-- INPUT DATA follows --

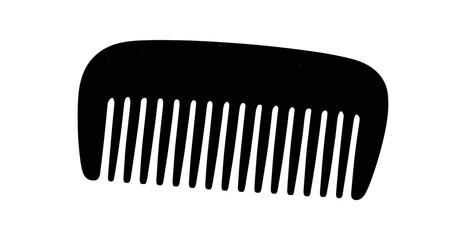 wooden comb flat black solid vector illustration isolated on white background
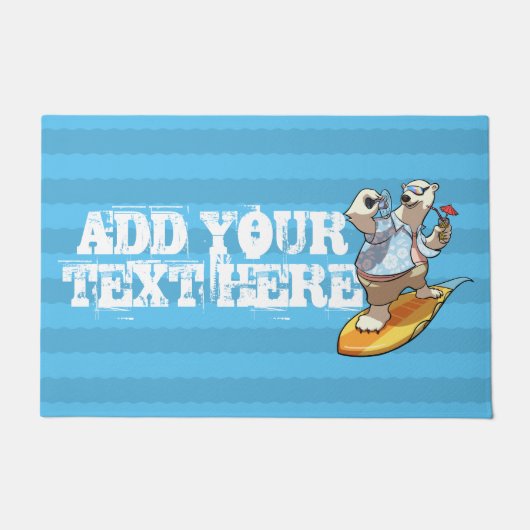 Cooler Polar-Bär mit Cocktail-Cartoon Fußmatte (Vorderseite)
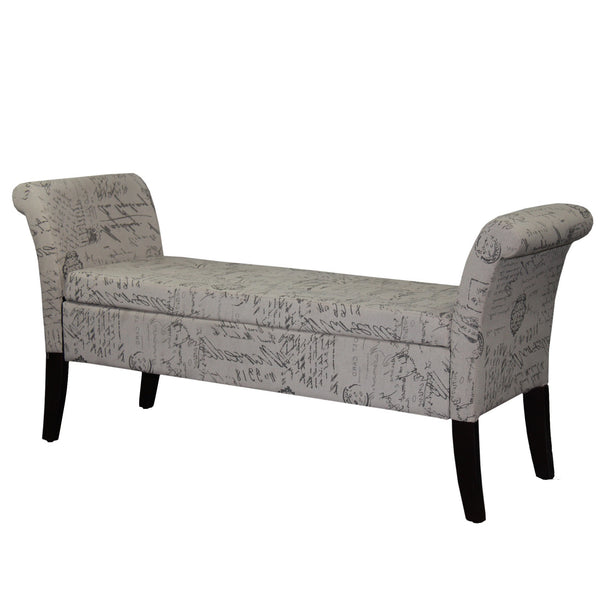 Homeroots 54" Black And White Fabric Upholstered Storage Bench With Flip Top  Solid And Manufactured Wood 469330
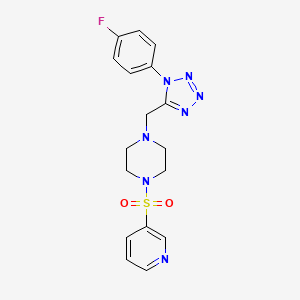 molecular formula C17H18FN7O2S B2749774 1-((1-(4-fluorophenyl)-1H-tetrazol-5-yl)methyl)-4-(pyridin-3-ylsulfonyl)piperazine CAS No. 1040680-30-5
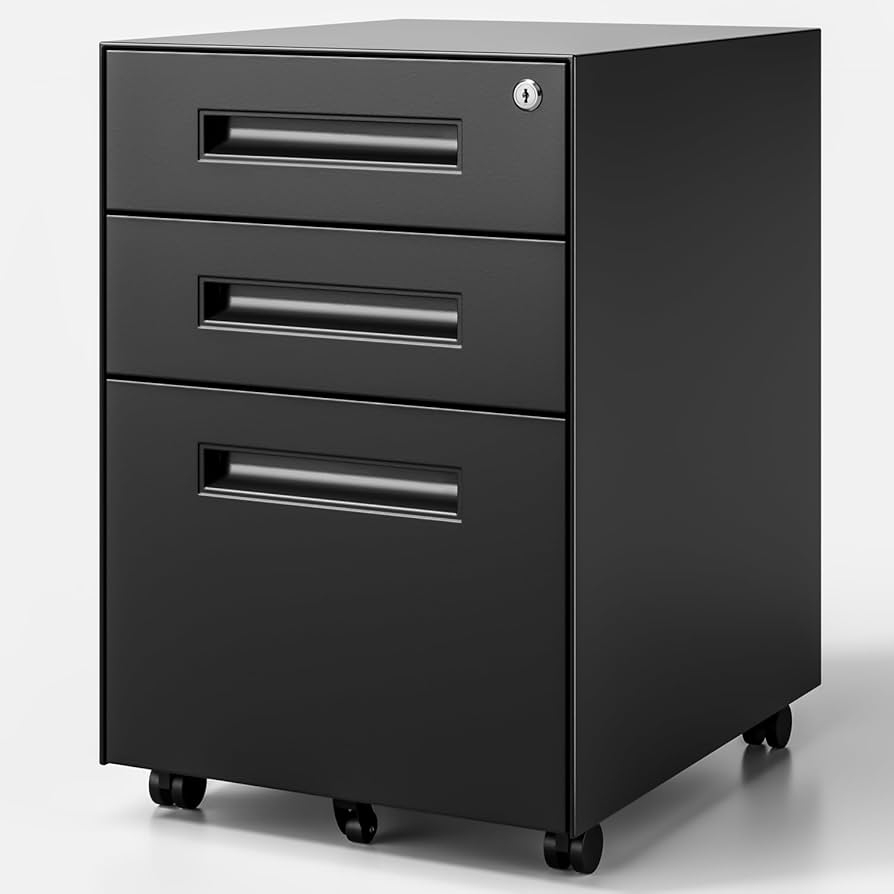 Amazon Dripex 3 Drawer File Cabinet Mobile File Cabinet With Lock On Wheels Letter Legal Size Fully Assembled Modern Small Short Vertical Metal Rolling Filing Cabinets Under Desk For Home Office Black 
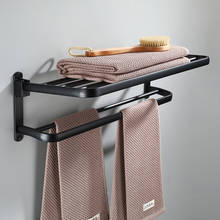 Toallero de baño plegable, soporte de aluminio negro, estantes de baño, toallero 2024 - compra barato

-- INPUT DATA concluded --

▸ **YOUR TASK**
Begin at the line containing "molecular formula C17H18FN7O2S" and stop at the final line of the data. Retype those lines exactly, without the pictures.

▸ **WRITTEN SOLUTION**
 molecular formula C17H18FN7O2S B2749774 1-((1-(4-fluorophenyl)-1H-tetrazol-5-yl)methyl)-4-(pyridin-3-ylsulfonyl)piperazine CAS No. 1040680-30-5
 Amazon Dripex 3 Drawer File Cabinet Mobile File Cabinet With Lock On Wheels Letter Legal Size Fully Assembled Modern Small Short Vertical Metal Rolling Filing Cabinets Under Desk For Home Office Black 
 Toallero de baño plegable, soporte de aluminio negro, estantes de baño, toallero 2024 - compra barato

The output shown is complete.